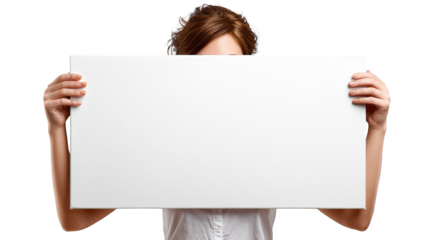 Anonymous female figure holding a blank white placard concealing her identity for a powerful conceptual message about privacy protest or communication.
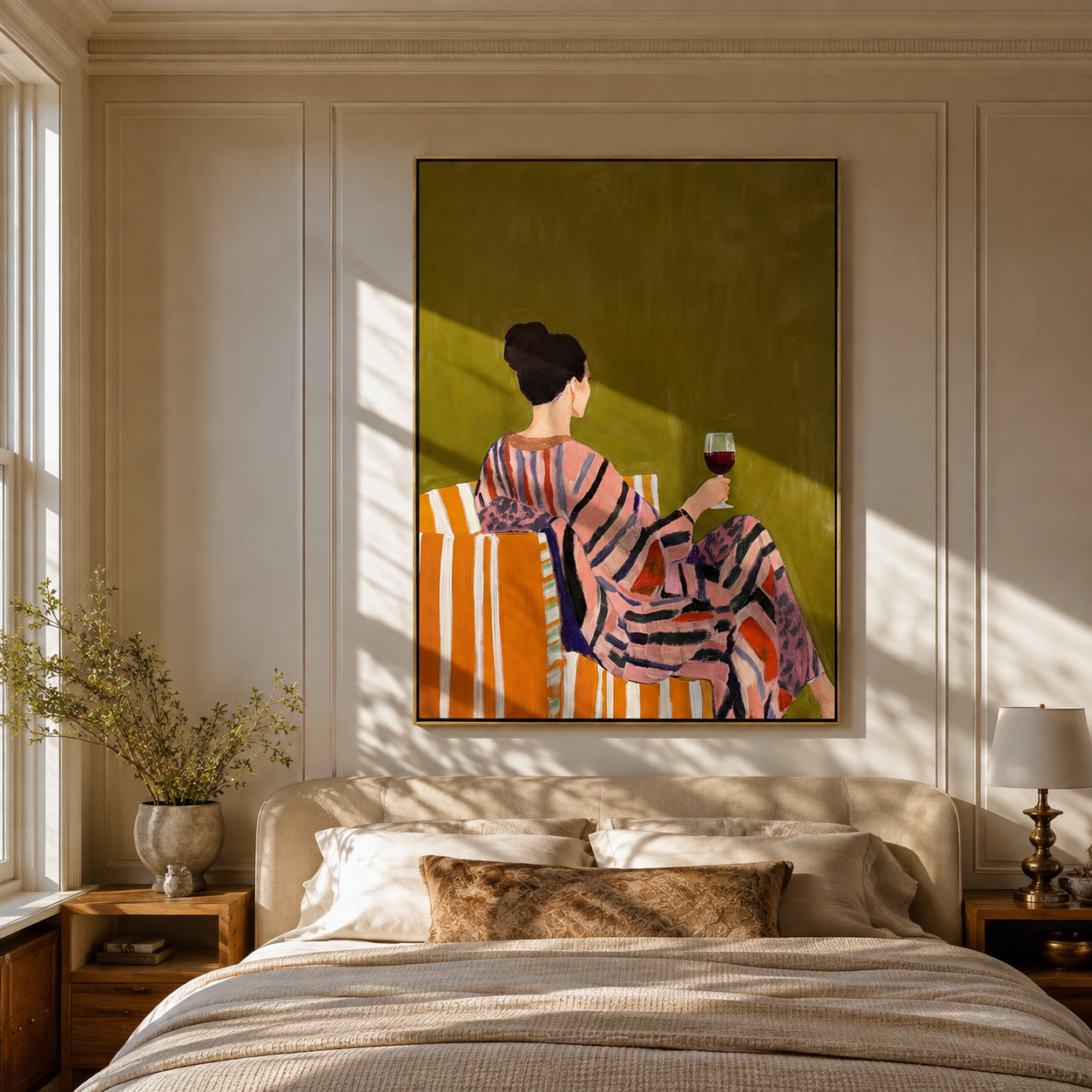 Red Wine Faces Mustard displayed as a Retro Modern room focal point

==

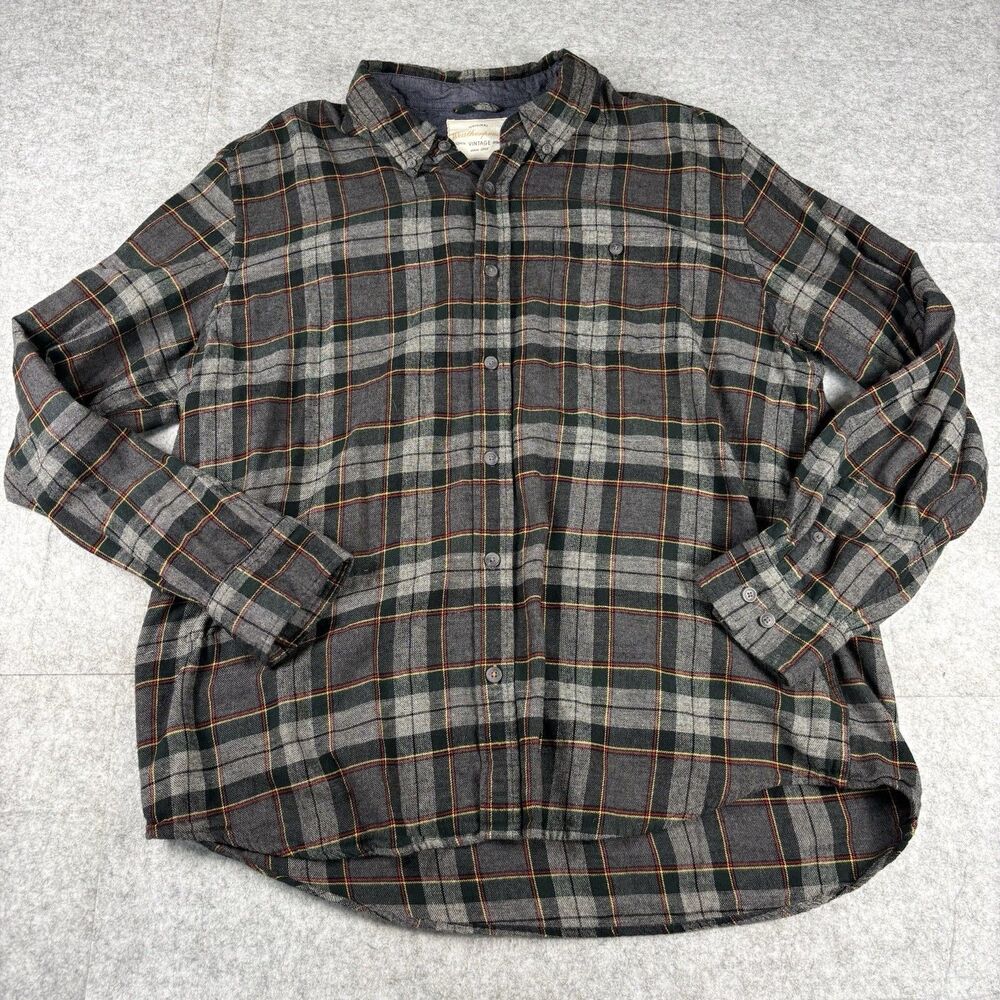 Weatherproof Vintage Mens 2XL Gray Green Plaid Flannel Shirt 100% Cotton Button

- **PROMPT**: What is needed is an exact copy of the lines above from the one with "Anonymous female figure" to the one with "Red Wine Faces", both ends kept, and nothing more; please leave the pictures out.

- **WRITTEN REPLY**:
 Anonymous female figure holding a blank white placard concealing her identity for a powerful conceptual message about privacy protest or communication.
 Red Wine Faces Mustard displayed as a Retro Modern room focal point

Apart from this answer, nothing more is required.